Jul. 22--The Great Recession may be nearing an end. Sort of.

An index of leading economic indicators rose in June for the third month in a row.

A prescient New York economist nicknamed "Dr. Doom" says the recession could end later this year, although he warns economic pain will continue well into next year.

Here in Texas, a Federal Reserve Bank of Dallas forecaster says the state's 2009 job losses might not be quite as bad as expected, and that next year could bring modest job growth.

But let's not get too excited.

When the U.S. recession ends, the healing process is apt to be slow -- perhaps another jobless recovery. With unemployment expected to remain startlingly high through 2010, there's no guarantee the economy won't slip back into recession at some point.

As the nation goes, so goes Texas -- with one big difference.

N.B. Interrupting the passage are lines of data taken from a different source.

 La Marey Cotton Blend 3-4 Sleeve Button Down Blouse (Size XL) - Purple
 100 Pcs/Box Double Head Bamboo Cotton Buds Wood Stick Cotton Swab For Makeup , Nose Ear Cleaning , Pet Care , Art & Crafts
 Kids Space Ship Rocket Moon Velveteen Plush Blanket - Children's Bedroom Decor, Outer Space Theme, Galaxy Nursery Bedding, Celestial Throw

Since Texas has sustained less economic damage than the U.S. as a whole, the state's path back to health may be a bit less arduous.

"Given that it's been such a deep recession, it's going to take two or three years for the U.S. to recover to an extent that people say, 'Yeah, this is a pretty healthy economy,' " said Dana Johnson, chief economist at Comerica Inc., the Dallas-based financial services company.

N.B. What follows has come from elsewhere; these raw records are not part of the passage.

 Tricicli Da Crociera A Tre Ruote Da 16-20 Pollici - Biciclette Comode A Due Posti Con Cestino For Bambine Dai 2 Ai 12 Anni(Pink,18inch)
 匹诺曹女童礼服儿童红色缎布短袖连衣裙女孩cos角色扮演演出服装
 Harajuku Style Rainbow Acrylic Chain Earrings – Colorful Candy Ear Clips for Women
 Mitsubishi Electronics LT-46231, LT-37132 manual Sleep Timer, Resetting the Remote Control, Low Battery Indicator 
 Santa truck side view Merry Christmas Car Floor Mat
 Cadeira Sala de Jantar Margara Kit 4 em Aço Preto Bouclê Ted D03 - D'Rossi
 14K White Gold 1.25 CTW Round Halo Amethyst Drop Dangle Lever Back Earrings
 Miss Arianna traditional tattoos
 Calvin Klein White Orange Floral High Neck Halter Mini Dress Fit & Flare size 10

"The main difference in Texas is that it hasn't been sinking for nearly as long as the rest of the national economy," he said. "It just creates an environment where it's a lot easier for people to regain their confidence and rebuild some prosperity."

Signs of life

Recent U.S. economic reports have been mixed, with sluggish consumer confidence, weak retail sales and flagging industrial production.

At the same time, credit markets have improved in recent months. Initial jobless claims, which economists watch closely for signs the recession is easing, have fallen from their peak in early 2009.

This week, analysts saw a potential sign of recovery in a 0.7 percent June increase in the U.S. leading economic index, which is compiled by the Conference Board, a New York-based business research group.

That was the third consecutive monthly increase for the index, which is made up of 10 components, including interest rate spreads, building permits, stock prices, manufacturing hours, initial jobless claims and the money supply.

"The lows from which we started make any improvement relative, but gains do signify a pending recovery," Kim Whelan, an analyst with a unit of Wells Fargo & Co., said of the leading index.

But the economy will take time to emerge from the longest recession since the Great Depression, analysts say.